Segment Open

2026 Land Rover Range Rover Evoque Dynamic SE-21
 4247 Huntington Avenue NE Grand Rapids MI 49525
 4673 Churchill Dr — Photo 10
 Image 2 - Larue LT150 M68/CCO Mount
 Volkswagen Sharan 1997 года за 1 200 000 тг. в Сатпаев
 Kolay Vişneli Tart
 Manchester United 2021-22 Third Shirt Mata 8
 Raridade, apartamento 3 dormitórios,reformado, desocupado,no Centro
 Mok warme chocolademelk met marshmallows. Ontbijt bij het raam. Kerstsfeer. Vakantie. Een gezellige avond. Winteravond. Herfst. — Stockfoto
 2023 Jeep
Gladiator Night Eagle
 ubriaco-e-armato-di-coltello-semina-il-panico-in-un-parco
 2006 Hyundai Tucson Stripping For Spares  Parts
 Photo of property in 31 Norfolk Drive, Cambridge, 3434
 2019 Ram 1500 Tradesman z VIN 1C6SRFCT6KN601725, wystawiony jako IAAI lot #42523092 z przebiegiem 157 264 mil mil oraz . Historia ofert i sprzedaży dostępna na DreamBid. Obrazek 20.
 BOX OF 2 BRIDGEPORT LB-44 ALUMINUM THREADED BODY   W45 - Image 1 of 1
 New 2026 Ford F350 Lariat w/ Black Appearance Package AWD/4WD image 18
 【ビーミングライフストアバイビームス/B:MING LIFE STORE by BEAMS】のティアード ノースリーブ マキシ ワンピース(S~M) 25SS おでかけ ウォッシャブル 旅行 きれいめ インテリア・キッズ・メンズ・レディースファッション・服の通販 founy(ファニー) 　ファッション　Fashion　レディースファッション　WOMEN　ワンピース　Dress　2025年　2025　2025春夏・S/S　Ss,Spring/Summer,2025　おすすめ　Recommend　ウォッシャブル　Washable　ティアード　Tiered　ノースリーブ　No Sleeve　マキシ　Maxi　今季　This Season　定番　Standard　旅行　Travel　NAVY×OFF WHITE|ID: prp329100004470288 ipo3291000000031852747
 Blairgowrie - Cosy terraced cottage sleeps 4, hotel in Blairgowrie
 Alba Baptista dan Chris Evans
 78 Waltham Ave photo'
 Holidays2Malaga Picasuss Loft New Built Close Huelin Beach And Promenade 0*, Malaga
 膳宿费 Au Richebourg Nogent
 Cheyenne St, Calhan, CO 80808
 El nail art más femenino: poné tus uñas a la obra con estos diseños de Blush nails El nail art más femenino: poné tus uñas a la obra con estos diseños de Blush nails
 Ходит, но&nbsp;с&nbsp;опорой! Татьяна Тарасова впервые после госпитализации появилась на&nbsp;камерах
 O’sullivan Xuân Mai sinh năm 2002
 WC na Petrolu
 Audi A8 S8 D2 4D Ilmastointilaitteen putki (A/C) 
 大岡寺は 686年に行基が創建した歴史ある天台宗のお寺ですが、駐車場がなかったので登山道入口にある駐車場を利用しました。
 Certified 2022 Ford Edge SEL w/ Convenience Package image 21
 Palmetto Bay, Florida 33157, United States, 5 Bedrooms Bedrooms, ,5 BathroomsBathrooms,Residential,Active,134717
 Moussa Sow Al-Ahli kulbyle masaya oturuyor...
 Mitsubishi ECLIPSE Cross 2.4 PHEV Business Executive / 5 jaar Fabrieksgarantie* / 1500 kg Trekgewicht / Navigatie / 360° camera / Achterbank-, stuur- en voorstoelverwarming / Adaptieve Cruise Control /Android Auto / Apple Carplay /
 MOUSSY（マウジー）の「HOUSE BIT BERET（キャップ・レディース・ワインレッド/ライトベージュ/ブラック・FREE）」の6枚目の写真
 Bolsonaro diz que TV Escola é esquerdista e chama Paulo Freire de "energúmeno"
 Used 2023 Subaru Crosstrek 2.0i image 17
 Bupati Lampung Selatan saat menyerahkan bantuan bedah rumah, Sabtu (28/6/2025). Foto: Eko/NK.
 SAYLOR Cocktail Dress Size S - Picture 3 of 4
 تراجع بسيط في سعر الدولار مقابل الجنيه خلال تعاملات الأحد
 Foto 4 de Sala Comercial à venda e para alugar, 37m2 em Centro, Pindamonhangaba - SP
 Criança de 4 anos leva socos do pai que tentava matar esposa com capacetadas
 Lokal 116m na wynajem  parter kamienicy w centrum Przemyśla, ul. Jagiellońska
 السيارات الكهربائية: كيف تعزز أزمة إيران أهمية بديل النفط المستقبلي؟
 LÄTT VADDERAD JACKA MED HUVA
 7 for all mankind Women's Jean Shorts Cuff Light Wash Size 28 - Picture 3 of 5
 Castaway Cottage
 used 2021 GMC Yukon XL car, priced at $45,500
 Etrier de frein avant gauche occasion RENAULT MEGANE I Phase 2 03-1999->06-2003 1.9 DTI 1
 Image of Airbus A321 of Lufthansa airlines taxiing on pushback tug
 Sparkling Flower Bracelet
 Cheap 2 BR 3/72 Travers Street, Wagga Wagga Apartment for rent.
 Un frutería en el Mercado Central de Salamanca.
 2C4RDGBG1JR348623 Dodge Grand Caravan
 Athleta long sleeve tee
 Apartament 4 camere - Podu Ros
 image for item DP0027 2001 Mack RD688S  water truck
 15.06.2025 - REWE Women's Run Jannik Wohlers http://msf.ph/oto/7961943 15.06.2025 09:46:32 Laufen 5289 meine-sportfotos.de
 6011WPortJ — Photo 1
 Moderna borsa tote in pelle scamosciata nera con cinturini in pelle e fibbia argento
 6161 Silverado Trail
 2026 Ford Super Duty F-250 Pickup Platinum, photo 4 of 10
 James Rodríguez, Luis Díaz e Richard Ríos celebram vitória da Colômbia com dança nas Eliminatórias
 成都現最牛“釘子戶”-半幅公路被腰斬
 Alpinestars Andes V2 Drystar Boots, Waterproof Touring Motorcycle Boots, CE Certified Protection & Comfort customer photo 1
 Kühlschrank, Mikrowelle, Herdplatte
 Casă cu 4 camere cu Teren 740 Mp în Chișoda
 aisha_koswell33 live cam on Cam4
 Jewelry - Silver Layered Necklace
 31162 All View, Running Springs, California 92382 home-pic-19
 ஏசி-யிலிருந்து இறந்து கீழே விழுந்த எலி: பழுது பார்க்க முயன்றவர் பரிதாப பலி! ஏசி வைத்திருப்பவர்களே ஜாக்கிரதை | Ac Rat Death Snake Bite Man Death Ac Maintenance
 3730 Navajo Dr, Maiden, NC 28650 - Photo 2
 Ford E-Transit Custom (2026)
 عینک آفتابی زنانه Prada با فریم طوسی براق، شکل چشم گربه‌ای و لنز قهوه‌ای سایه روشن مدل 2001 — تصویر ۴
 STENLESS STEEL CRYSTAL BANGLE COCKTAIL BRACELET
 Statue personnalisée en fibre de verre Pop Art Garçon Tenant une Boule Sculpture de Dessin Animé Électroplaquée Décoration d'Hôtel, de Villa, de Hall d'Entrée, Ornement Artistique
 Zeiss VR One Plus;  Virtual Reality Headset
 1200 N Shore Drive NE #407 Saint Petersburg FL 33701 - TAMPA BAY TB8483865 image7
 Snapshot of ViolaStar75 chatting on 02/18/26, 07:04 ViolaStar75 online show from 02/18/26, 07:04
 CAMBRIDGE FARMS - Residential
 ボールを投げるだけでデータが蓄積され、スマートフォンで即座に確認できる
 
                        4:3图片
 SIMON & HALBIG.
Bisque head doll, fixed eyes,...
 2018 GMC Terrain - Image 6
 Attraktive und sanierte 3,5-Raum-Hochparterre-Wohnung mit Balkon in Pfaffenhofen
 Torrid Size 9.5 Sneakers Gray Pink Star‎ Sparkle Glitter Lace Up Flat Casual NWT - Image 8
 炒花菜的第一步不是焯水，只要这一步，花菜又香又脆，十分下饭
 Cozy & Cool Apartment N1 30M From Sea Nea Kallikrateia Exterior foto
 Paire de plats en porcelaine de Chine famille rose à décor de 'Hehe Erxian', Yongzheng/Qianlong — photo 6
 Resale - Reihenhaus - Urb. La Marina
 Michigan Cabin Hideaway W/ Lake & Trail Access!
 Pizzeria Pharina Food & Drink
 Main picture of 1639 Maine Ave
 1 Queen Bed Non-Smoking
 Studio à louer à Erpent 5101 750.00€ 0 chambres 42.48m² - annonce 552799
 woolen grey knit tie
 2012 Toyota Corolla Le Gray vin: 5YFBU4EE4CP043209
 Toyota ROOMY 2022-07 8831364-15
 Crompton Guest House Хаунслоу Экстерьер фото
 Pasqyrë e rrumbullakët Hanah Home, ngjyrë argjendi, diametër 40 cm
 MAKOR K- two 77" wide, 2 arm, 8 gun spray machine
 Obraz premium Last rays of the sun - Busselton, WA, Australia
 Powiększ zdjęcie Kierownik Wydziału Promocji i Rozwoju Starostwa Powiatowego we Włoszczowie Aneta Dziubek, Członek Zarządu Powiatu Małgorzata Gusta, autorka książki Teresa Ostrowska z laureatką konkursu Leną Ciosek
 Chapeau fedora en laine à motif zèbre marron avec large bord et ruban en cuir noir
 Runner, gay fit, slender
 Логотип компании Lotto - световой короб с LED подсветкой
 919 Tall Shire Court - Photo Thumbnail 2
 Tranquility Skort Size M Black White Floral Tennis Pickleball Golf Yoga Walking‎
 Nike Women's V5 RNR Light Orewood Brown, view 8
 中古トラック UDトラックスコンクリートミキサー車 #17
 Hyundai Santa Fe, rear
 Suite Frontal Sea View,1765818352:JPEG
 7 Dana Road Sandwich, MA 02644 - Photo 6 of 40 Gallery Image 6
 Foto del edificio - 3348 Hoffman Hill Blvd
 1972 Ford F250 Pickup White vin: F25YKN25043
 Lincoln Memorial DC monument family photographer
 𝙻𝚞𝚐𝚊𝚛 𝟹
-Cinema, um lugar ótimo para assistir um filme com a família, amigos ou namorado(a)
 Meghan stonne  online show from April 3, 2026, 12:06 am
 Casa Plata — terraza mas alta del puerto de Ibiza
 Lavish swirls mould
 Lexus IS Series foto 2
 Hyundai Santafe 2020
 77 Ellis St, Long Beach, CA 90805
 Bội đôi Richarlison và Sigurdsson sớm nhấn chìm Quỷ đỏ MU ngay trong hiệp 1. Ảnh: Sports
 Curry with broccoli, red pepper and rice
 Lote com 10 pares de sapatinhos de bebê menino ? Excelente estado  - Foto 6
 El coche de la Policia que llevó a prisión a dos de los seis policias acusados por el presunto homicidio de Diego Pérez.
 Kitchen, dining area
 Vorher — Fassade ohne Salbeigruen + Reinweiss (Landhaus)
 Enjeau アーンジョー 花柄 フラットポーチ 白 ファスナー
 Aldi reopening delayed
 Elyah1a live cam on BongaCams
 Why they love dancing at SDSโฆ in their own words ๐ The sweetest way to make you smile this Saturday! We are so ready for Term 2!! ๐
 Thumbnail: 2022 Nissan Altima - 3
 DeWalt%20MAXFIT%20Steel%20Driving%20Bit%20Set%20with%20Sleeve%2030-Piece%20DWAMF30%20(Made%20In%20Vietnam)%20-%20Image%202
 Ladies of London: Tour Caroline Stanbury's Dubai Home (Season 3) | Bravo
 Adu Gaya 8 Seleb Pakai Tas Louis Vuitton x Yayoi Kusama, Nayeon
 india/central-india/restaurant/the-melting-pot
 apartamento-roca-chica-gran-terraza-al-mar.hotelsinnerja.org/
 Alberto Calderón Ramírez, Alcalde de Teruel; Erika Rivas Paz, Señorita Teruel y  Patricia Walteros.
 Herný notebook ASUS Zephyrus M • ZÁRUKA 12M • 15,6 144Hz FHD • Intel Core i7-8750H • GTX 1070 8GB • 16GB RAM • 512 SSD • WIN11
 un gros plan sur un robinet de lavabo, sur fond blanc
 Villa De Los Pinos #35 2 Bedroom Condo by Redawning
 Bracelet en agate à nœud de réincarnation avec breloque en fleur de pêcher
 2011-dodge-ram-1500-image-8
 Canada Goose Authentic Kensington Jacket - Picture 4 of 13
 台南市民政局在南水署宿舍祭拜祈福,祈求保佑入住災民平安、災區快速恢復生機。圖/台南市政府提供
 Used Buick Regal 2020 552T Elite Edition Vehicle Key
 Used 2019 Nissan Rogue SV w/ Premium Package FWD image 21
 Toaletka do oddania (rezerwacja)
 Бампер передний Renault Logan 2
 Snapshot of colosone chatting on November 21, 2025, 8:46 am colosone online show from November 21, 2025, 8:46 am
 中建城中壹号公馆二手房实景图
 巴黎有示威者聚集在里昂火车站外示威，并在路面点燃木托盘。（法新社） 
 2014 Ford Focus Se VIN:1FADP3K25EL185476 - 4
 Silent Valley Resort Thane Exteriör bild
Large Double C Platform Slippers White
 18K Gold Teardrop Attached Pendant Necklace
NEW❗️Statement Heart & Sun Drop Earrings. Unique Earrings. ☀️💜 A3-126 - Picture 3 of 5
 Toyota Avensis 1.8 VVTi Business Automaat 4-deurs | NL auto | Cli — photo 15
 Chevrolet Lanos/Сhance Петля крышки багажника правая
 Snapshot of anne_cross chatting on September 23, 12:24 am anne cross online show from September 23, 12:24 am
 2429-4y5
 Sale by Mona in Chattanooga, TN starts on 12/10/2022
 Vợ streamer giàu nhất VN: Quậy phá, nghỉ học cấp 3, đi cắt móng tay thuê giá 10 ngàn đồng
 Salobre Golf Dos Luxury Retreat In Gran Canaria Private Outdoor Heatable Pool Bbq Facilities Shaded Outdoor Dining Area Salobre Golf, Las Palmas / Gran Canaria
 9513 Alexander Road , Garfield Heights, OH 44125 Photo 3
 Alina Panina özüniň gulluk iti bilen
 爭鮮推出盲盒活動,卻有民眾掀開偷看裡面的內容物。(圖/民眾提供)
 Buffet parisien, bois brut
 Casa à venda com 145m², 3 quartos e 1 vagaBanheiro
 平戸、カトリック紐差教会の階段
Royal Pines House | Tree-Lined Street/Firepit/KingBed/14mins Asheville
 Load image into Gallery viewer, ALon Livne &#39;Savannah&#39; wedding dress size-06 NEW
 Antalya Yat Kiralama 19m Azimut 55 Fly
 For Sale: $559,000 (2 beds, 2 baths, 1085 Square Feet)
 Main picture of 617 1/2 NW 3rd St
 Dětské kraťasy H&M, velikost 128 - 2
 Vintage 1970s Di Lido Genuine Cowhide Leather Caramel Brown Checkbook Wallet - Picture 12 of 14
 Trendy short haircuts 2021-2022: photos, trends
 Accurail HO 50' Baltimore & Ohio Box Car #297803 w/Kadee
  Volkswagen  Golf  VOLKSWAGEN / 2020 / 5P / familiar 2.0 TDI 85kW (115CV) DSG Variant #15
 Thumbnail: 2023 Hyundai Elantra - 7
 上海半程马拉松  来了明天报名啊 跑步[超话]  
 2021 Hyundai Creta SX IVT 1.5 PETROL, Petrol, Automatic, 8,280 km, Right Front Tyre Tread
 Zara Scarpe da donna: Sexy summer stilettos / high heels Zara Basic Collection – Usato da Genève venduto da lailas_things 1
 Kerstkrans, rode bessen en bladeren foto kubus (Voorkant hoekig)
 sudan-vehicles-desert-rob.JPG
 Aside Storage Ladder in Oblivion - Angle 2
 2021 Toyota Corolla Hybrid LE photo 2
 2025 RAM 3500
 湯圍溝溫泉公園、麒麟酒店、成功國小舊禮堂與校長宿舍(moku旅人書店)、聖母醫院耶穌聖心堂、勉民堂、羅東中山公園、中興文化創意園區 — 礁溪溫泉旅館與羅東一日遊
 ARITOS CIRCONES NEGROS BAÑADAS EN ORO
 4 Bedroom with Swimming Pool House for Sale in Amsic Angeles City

Segment Closed

Quote the listing above, but only from the line that shows "15.06.2025 - REWE" through the line that shows "6161 Silverado Trail".

→ **ANSWER TO THIS PROBLEM**:
 15.06.2025 - REWE Women's Run Jannik Wohlers http://msf.ph/oto/7961943 15.06.2025 09:46:32 Laufen 5289 meine-sportfotos.de
 6011WPortJ — Photo 1
 Moderna borsa tote in pelle scamosciata nera con cinturini in pelle e fibbia argento
 6161 Silverado Trail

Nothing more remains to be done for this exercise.